The ‘Thinking Urban Worlds’ workshop at Durham was held on Wednesday. A very interesting afternoon of discussion organised by Colin McFarlane with presentations by Andy Merrifield and Simon Marvin, and discussant comments from Gordon MacLeod along with my own paper. The event was recorded, so hopefully that will be available soon.
[Update - recordings and reflections available here]
In my paper ‘Urban/Territory/World’ I tried to think about the relation between these three terms. I decided to write something new, rather than just talk about previous work. I ended up with something that was too long, so decided to cut all the stuff I was comfortable with – the historical discussion of the urban/territory relation, and theorisations of the world in Lefebvre, Axelos and Fink – and just try out the newer ideas that I was thinking through. So it was a deliberately tentative paper, with indications and suggestions rather than firm propositions.
I began with the suggestion that urban, world and territory should all be thought as processes rather than objects or outcomes. There are existing bodies of literature that make such claims. But how do we think about the relation between them if they operate in that way, and especially if territory is not a container within which things happen? I wanted to get away from the idea that there were either territories within the urban, or that some parts of territory were urban and others not, and equally to resist the idea that the world was made up of territories in any simple way. The paper was in part an engagement with an unpublished paper by Neil Brenner and Christian Schmid which takes issue with the idea of an ‘urban age’ – the well-known claim that we now live in a world where more than half the population live in cities. What Brenner and Schmid do, having taken apart the basis for such arguments, is propose a different way of thinking about the urban. They suggest we should think about concentrated and extended urbanization. The first is the idea that urban studies has long focused on – agglomerations. The second is by far the more interesting – looking at the way that processes of urbanization extend beyond the agglomeration in a variety of economic, social, cultural, resource-use and ecological ways. They make a number of suggestions about the way we should think the urban and urbanization.
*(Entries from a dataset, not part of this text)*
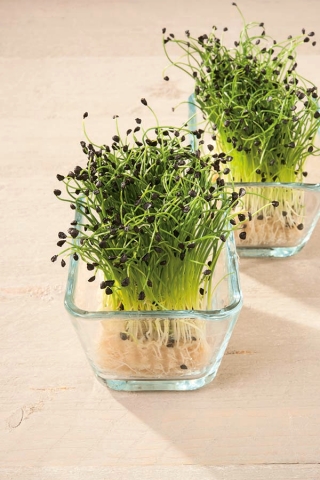 Microgreens - בצל חורף - עלים צעירים עם טעם יוצא דופן - Allium fistulosum  - זרעים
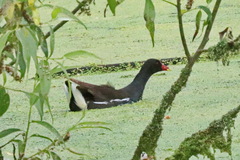 Gallinula chloropus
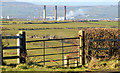 D4501 : Field gate and power station chimneys, Islandmagee by Albert Bridge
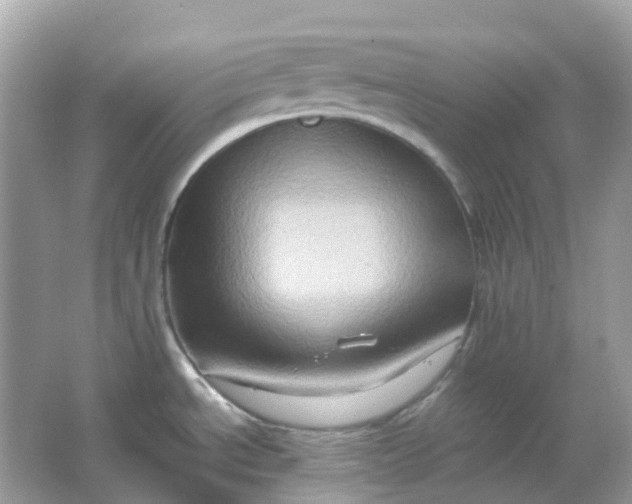 X0000065981534200603241926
The suggestions they make are close to the ways I’ve tried to think about territory, and I think their theses would work well if ‘urban’ was replaced by ‘territory’, and ‘urbanisation’ by ‘territorialisation’ – understood not as territoriality, but as state-territorial strategies. Neil and I have worked on that later idea through an engagement with Lefebvre – especially in the paper “Henri Lefebvre on State, Space, Territory” (download it here). So I spent the rest of the talk trying to work through whether these ways of thinking about the urban were useful in terms of thinking about territory, and equally if my way of thinking about territory could be useful in terms of thinking about the urban – not in terms of the urban as territory, but the processes that create and transform territory being used to create and transform the urban, such as state-spatial strategies, military techniques, resistances, cartography, surveying, economic processes, strategic struggles and so on.
I used various examples from recent reading and thinking - Gastón Gordillo’s Landscapes of Devils: Tensions of Place and Memory in the Argentinean Chaco; Phil Steinberg and Rob Shields’s edited collection What is a City? Rethinking the Urban after Hurricane Katrina; the British Metropolitan police’s Territorial Support Group; and the Boko Haram attacks in Kano in January 2012 and the state response. All of these were indicative and not detailed, but as possible examples to develop in a fuller analysis. I also used a number of images from Hong Kong – the city of Tin Shui Wai in the New Territories (one example above), and the border between Hong Kong and Shenzhen (below).
I’ll be talking more about all this at the AAG in Los Angeles in April 2013 – abstract here. There is also some relation to the ‘Secure the Volume’ paper I gave in Kentucky (video here) and Edinburgh earlier this year which is coming out in Political Geography next year.